Students at Beijing’s Tsinghua University gathered last weekend to vent their fury at China’s zero-Covid policies. But discontent on the campus was also bound up in the country’s economic direction.
“Because of the lockdown[s], the economy stagnated, and my family’s financial situation also deteriorated,” said a student at the Tsinghua protest.
“If the economic situation is poor, it may be difficult for my parents to pay for my study abroad,” she added. “The Covid policy will affect my future choices.”

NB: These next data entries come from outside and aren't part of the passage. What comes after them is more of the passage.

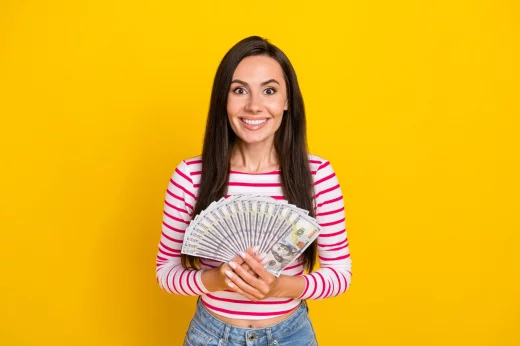 A girl with dollars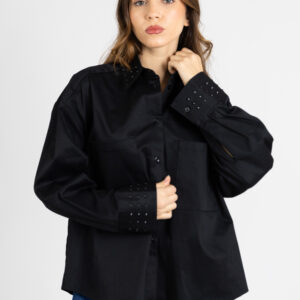 Future Apparel - Camicia boxy con borchie in tono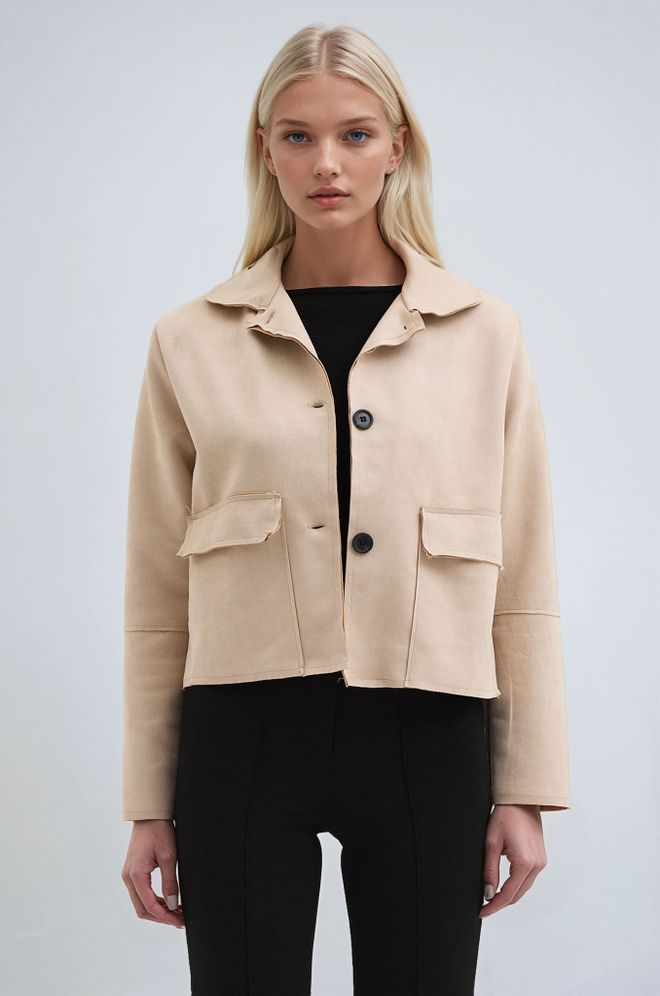 Sobe Istanbul Beige Zweireihig Jacke Großhandelskleidung Lässig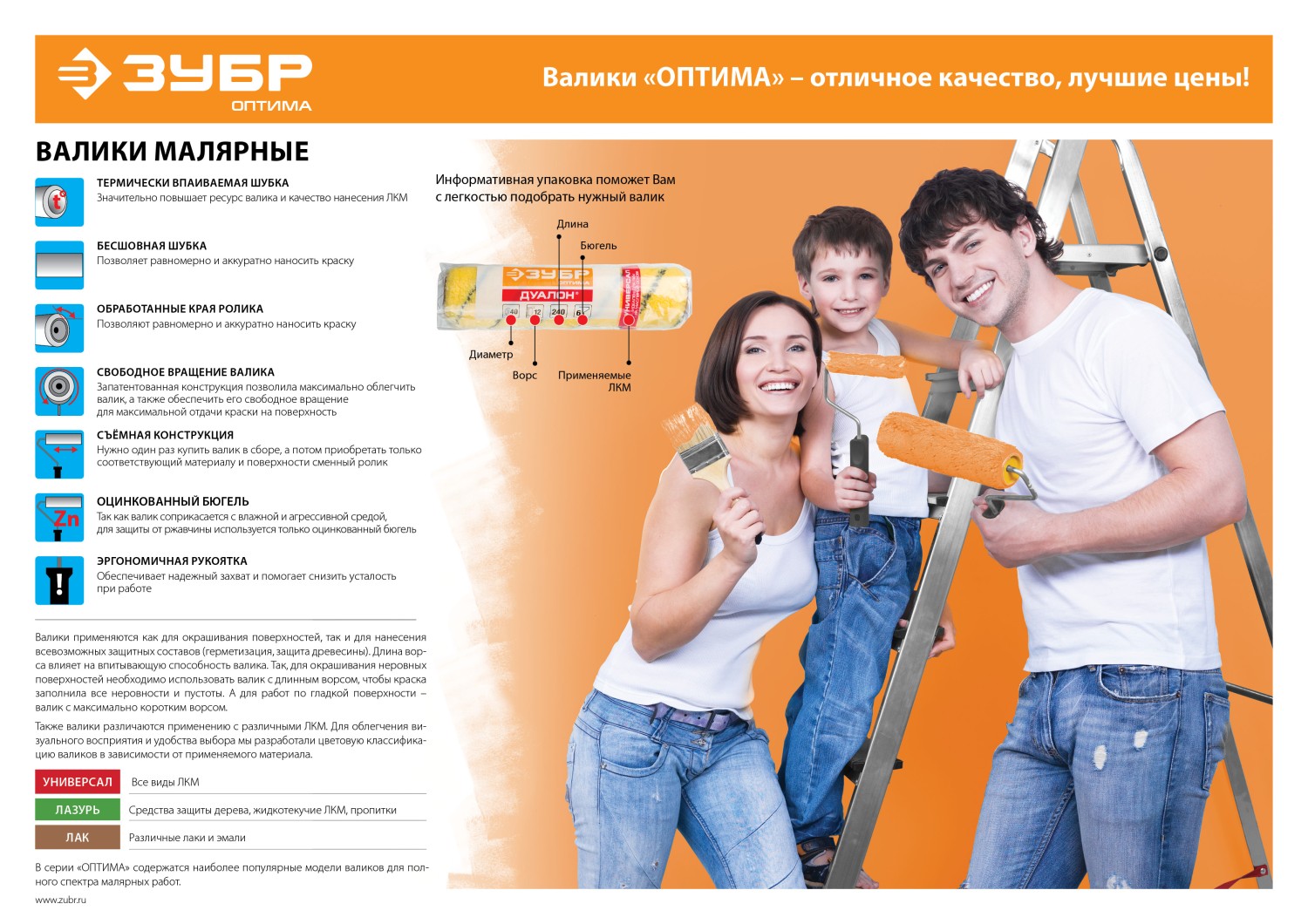 Валик малярный "ОПТИМА-МИКРОТЕКС", пропитки и средства защиты древесины, микрофибра, ворс 7 мм, бюгель 6 мм, 40х240мм, ЗУБР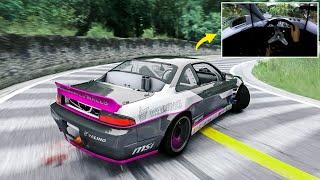 Nissan S14 Touge Drifting l (4K) Assetto Corsa Steering Wheel Gameplay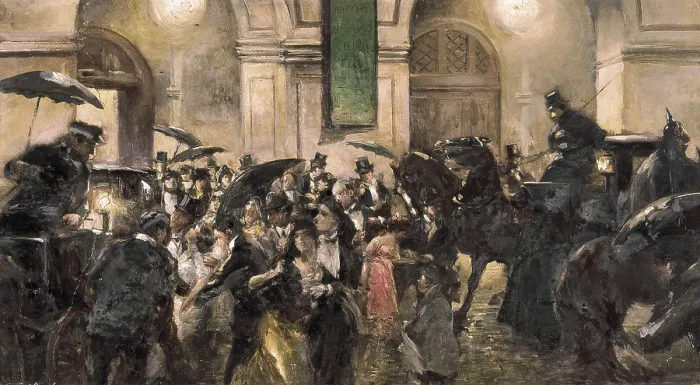 Framed Print : Spain (1893). Fear scene at the exit of the Gran Teatro del Liceo after the explosion of a bomb dropped on 7th November 1893. Painting by Salvador Ross. Oil on canvas. SPAIN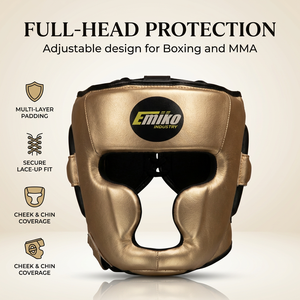 อุปกรณ์ป้องกันศีรษะสำหรับชกมวยหนังแท้ MMA สำหรับฝึกซ้อมและแข่งขัน  รับทำโลโก้ตามสั่ง ขนาดและสีทอง  ทำจากหนังแท้ - Product Image 1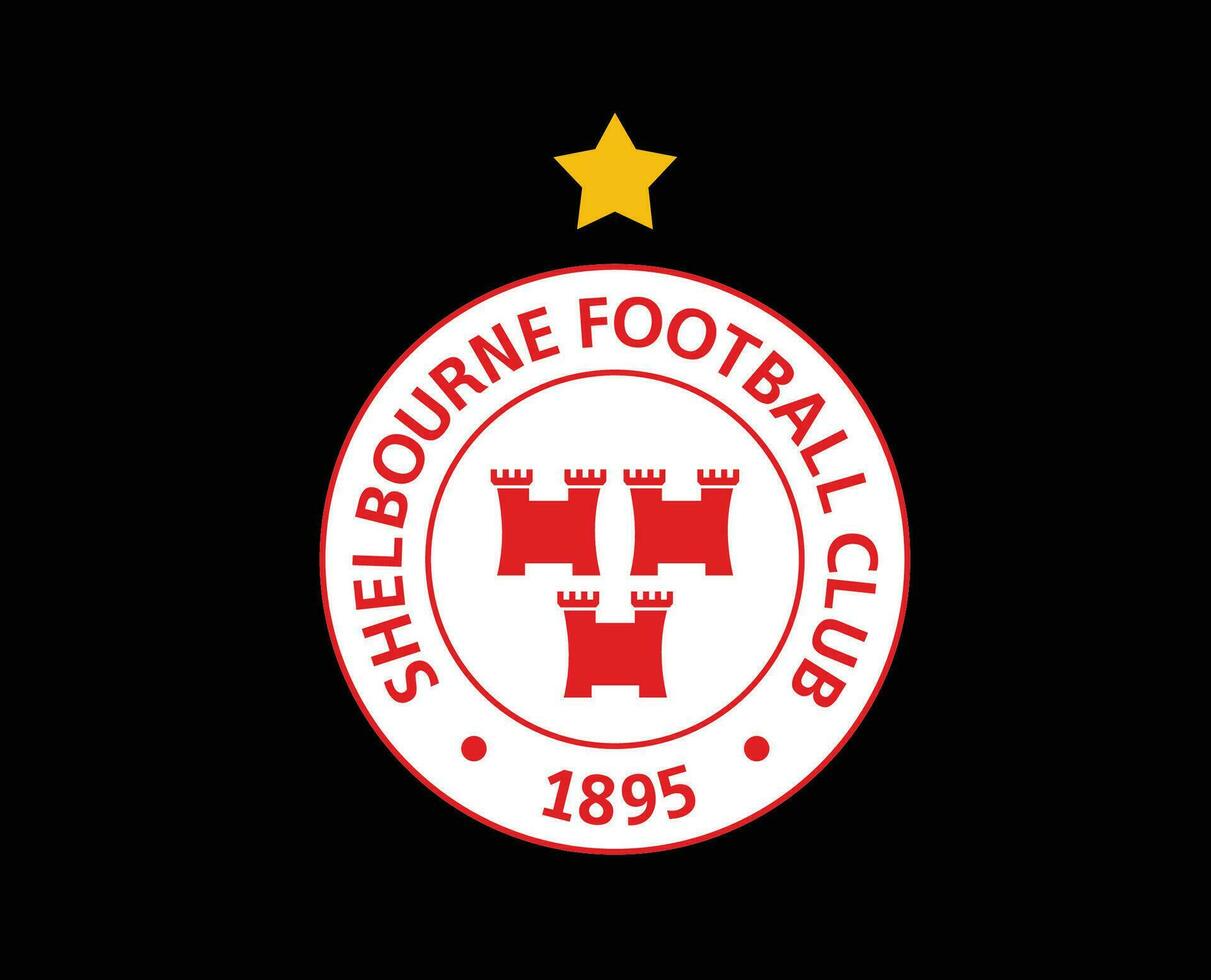 shelbourne klubb logotyp symbol irland liga fotboll abstrakt design vektor illustration med svart bakgrund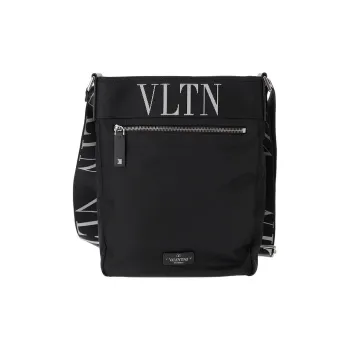 Valentino Nylon Messenger Bag Crossbody Bag Shoulder Bag Men's Black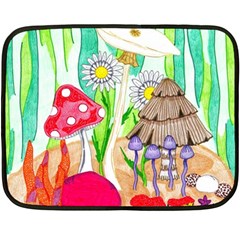 Iguana And Mushrooms Double Sided Fleece Blanket (mini)  by okhismakingart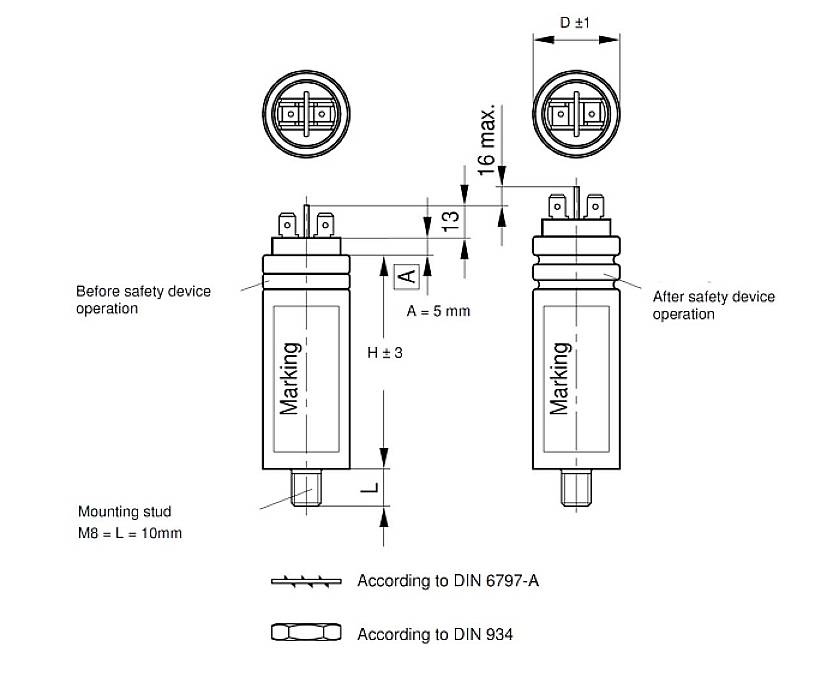 Technische Zeichnung von zylindrischem Teil mit Maßen. Details zur Befestigung: M8, L=10 mm. Normen: DIN 6797-A und DIN 934.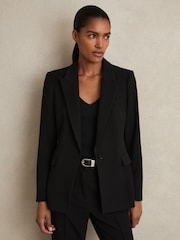 Reiss Black Gabi Tailored Single Breasted Suit Blazer - Image 1 of 7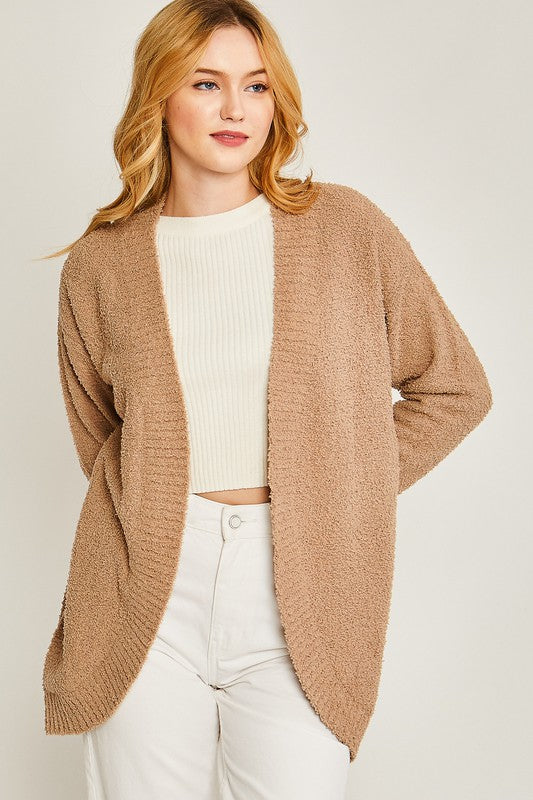 Fluffy Cardigan - Khaki - Hope + Freya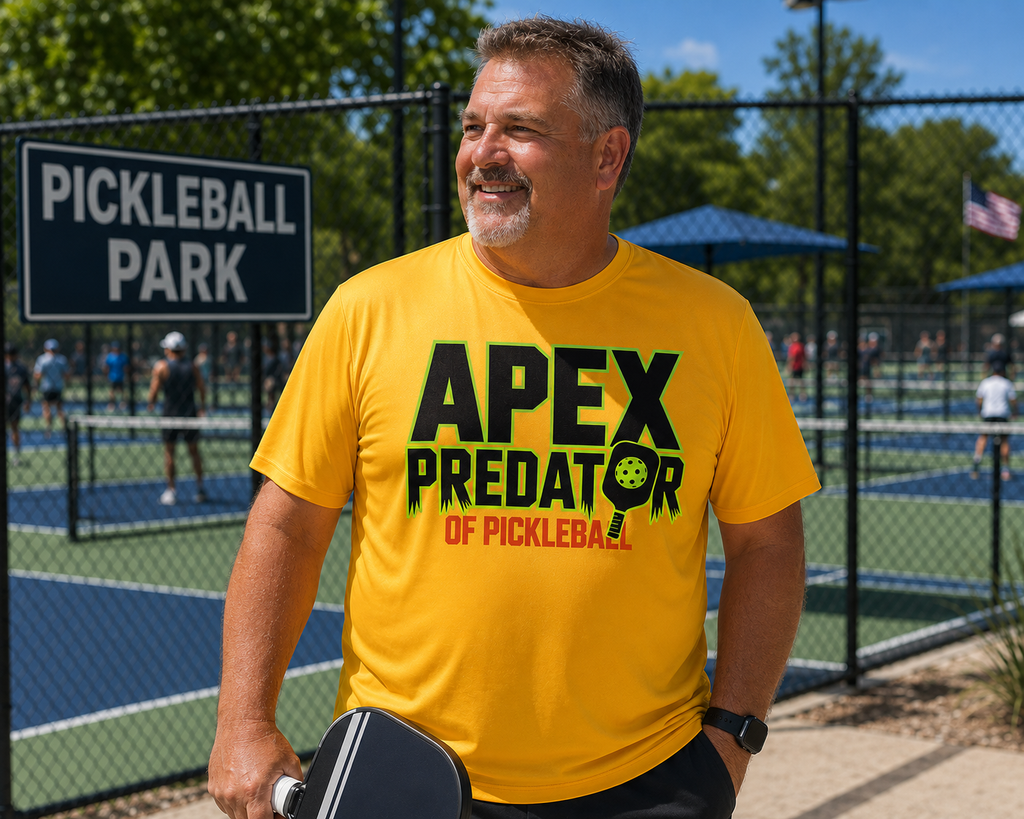 Man smiling at a pickleball park holding a paddle, wearing the Apex Predator of Pickleball moisture-wicking graphic tee in Sport Athletic Gold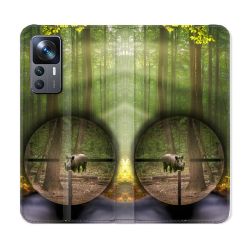 Housse Cuir Portefeuille Pour Xiaomi 12T Chasse Sanglier Viseur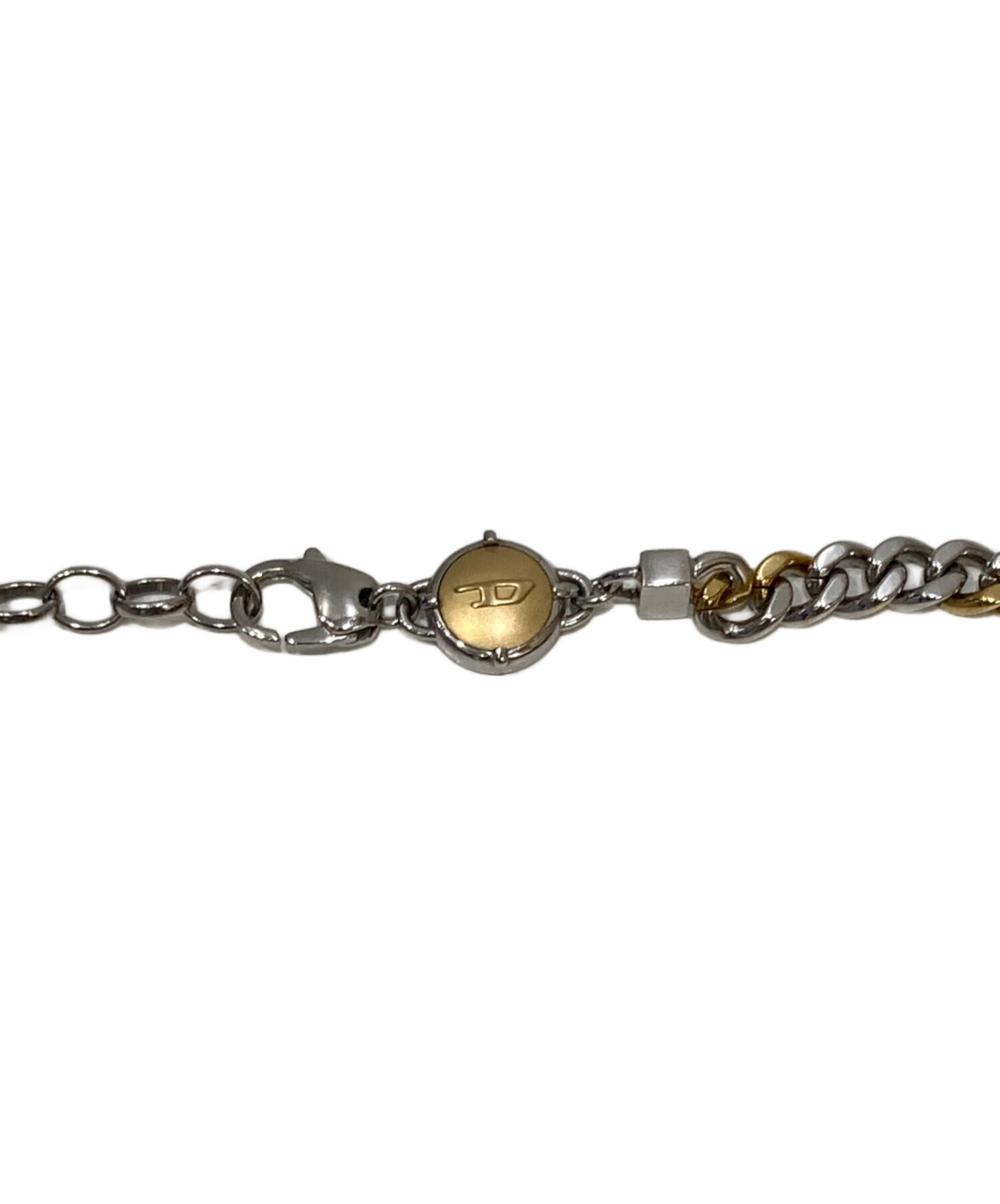 archive DIESEL ロゴ チャーム チェーンネックレス レア 中古・古着通販】DIESEL (ディーゼル) ロゴモチーフツートーンチェーン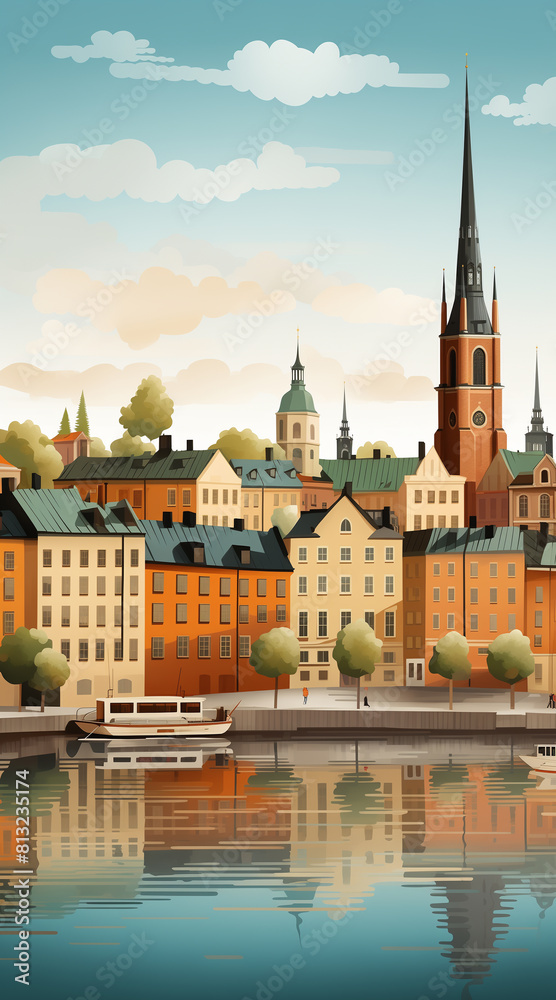 Fototapeta premium Stockholm background for social media, illustration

Young people in China, who were at the heart of a nationwide wave of demonstrations after a fatal fire in the western city of Urumqi was blamed on a lockdown, face a bleak economic outlook. Youth unemployment this year touched its highest level on record.
China’s broader economy is now at one of its weakest junctures in many years. While Xi Jinping’s zero-Covid policies, which aim to eliminate all infections of the virus, helped insulate the economy in 2020 and early 2021, they have imposed huge costs this year.
A series of lockdowns amid outbreaks of the Omicron variant has crippled consumption and helped to push growth below an official target of 5.5 per cent that was already its lowest in decades.
One of the clearest impacts has been on youth unemployment, which hit 20 per cent in July shortly after the lockdown of Shanghai. It has remained close to that level for months, in contrast with general unemployment at 5.5 per cent. The metric, which the government began recording in 2018, has risen sharply since hovering at about 12 per cent before the pandemic struck.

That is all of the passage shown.